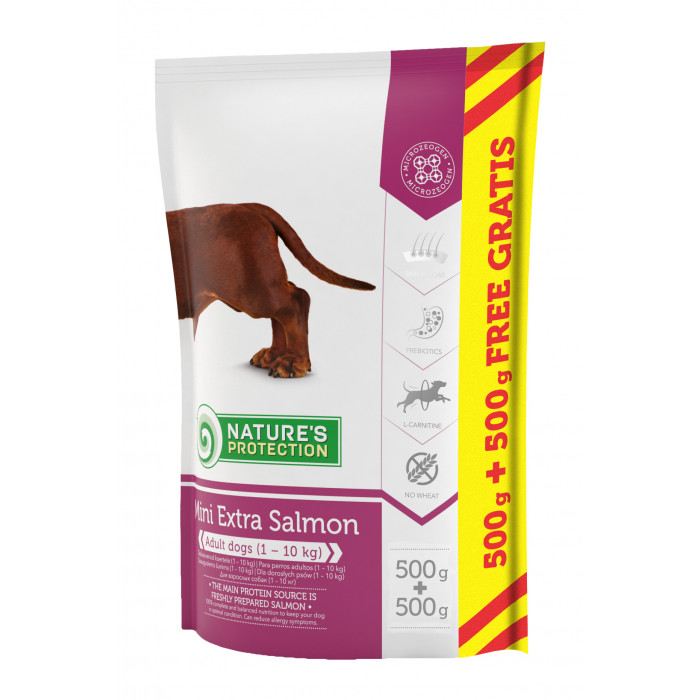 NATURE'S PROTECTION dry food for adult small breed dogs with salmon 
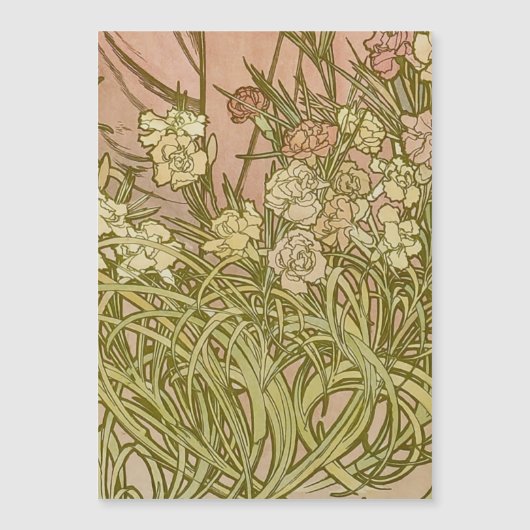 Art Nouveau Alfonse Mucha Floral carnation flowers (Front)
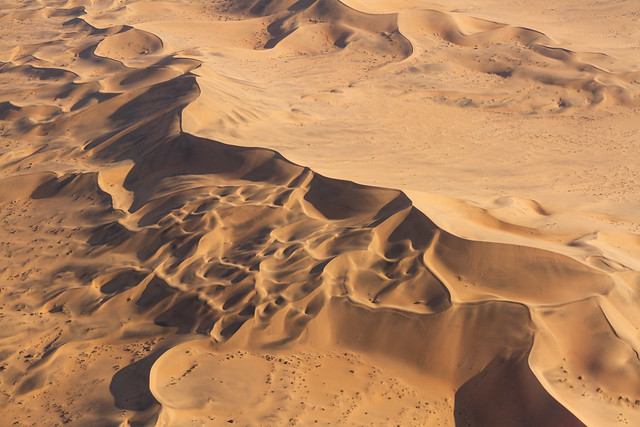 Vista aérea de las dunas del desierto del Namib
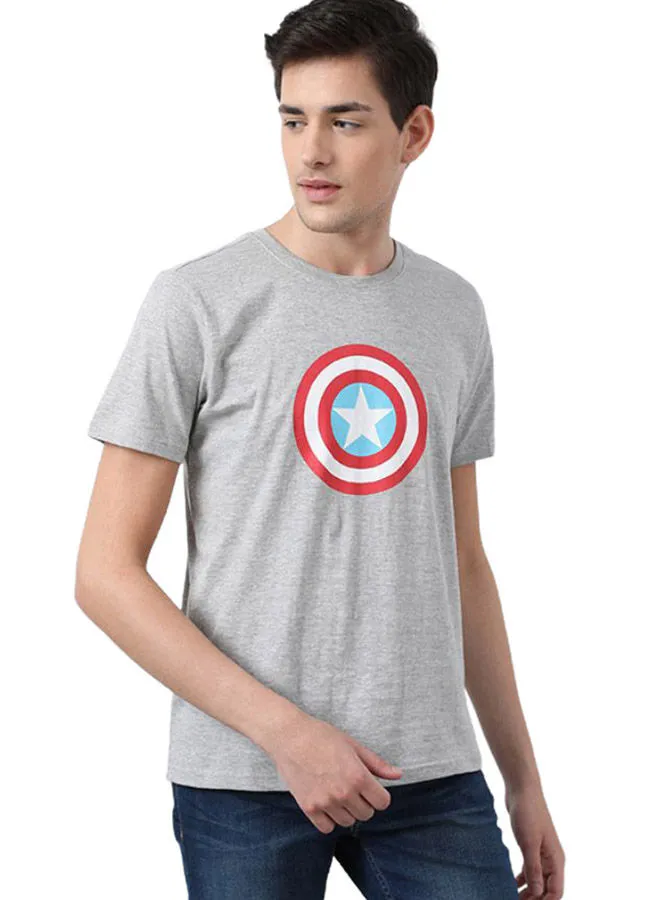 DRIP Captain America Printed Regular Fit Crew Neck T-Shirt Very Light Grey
---------------
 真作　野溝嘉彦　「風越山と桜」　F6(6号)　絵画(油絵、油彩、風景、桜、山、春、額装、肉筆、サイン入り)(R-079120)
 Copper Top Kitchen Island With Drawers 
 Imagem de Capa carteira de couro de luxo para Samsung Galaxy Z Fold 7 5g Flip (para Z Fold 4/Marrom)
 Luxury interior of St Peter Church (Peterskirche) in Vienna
---------------
### [The task]
For the data above, set down exactly the lines from the line with "NATURE'S PROTECTION dry" to the line with "DRIP Captain America", both included, leaving pictures out.

### [Solution for this task]
 NATURE'S PROTECTION dry food for adult small breed dogs with salmon 
 Art Nouveau Alfonse Mucha Floral carnation flowers (Front)
 Vista aérea de las dunas del desierto del Namib
 DRIP Captain America Printed Regular Fit Crew Neck T-Shirt Very Light Grey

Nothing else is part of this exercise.